La collection Temps passé accueille une nouvelle de François-Marie Luzel publiée en 1889. Un conte breton initiatique.

Un conte, direz-vous, c’est pour les enfants ! Nos ancêtres étaient donc si puérils qu’ils ne grandissaient jamais et que leurs veillées n’étaient qu’enfantillages sans fin ? Aujourd’hui, nous serions plus sérieux avec les séries en boucle, qui déversent sur les petits écrans les mêmes sornettes ?
Les contes étaient les téléfilms d’autrefois. En ces temps anciens, les gens lettrés disposaient de leurs bibliothèques, les gens ordinaires avaient leurs oreilles grandes ouvertes. Quelques folkloristes ont écouté et transcrit les histoires traditionnelles dans de vieux recueils savants ou d’antiques revues, devenues des sources précieuses, parfois surannées, souvent sous-estimées.

"Il y avait une fois un pauvre homme qui avait déjà fait faire vingt baptêmes. Dieu lui envoya pourtant un vingt-et-unième enfant. Comme tous ses parents, ses amis et ses voisins avaient déjà été parrains chez lui, il n’en trouvait plus pour ce dernier venu, et il en était fort peiné. Il trouvait bien une marraine, la servante du manoir voisin, car la Dame et sa fille avaient refusé net.

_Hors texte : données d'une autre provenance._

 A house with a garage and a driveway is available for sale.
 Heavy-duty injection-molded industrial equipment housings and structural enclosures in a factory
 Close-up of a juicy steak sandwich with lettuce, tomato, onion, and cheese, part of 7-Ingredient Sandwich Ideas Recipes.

Comme il allait sur la route, à la recherche d’un parrain, il rencontra un beau Prince, tout habillé de blanc et monté sur un beau cheval, également blanc."

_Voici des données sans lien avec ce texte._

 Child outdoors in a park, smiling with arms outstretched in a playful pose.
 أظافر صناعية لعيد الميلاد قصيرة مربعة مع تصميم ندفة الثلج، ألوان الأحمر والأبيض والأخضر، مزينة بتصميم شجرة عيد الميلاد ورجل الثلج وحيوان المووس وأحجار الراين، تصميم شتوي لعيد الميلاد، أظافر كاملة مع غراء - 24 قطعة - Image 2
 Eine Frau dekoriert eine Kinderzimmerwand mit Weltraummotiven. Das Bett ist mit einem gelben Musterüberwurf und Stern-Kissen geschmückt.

Le Prince Blanc a la structure d’un conte littéraire bien ficelé : un père dans l’embarras, une apparition salvatrice et l’homme ennuyé ne se pose aucune question, trop heureux d’être soulagé. Vous pensez que ce sauveur est le diable… et pourquoi est-il blanc ? Ses exigences sont classiques, puisque l’enfant problématique lui appartiendra à son dixième anniversaire… et pourquoi pas son âme après son trépas, comme le réclame si souvent Lucifer ? Évidemment, le rythme ternaire est présent : trois filles, trois épreuves, trois souffrances dans la fuite finale… alors en quoi ce conte est-il original ?

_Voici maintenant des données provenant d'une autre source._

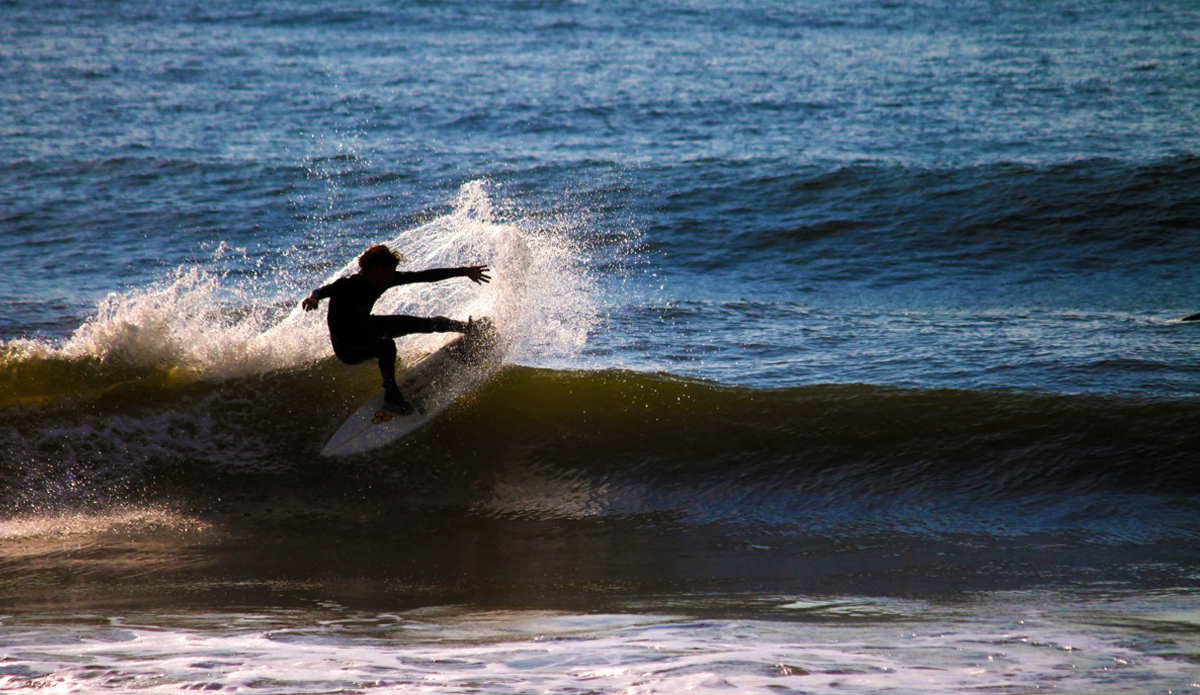 Who says you can\'t have fun on a surfboard in South Carolina. Photo: <a href=\"https://www.studiopierce.com/about/\">Josh Pierce</a>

François-Marie Luzel s’est souvenu du cordonnier de Plouaret, son village natal ; il a transcrit le conte Le Prince Blanc dix-sept après l’avoir entendu. Il lui a donné une forme littéraire, structurée, avec un scénario convenu ; il a rendu l’histoire compréhensible, sans obliger à parler la langue bretonne et accessible 130 ans plus tard.
Quant au contenu, l’aventure d’Emmanuel enseigne qu’une naissance n’implique pas une destinée inéluctable ; avoir des parents malheureux et être le dernier d’une énorme fratrie ne sont pas des condamnations. Toutefois, le narrateur met en garde : suivre un inconnu et se soumettre à la tentation présentent des risques. Enfin, l’histoire permet l’espoir et la rémission : la belle rencontre et la douce amour nous sauveront tous !

Ainsi, Le Prince Blanc de Marie-François Luzel se lit en rêvant et en réfléchissant. Il se lit au premier degré, comme un enfant émerveillé ; au second degré, comme un adulte qui a gardé son âme innocente ; au troisième degré, comme un sage qui parle par images. Ensuite, on ne regarde plus les téléfilms avec les mêmes yeux.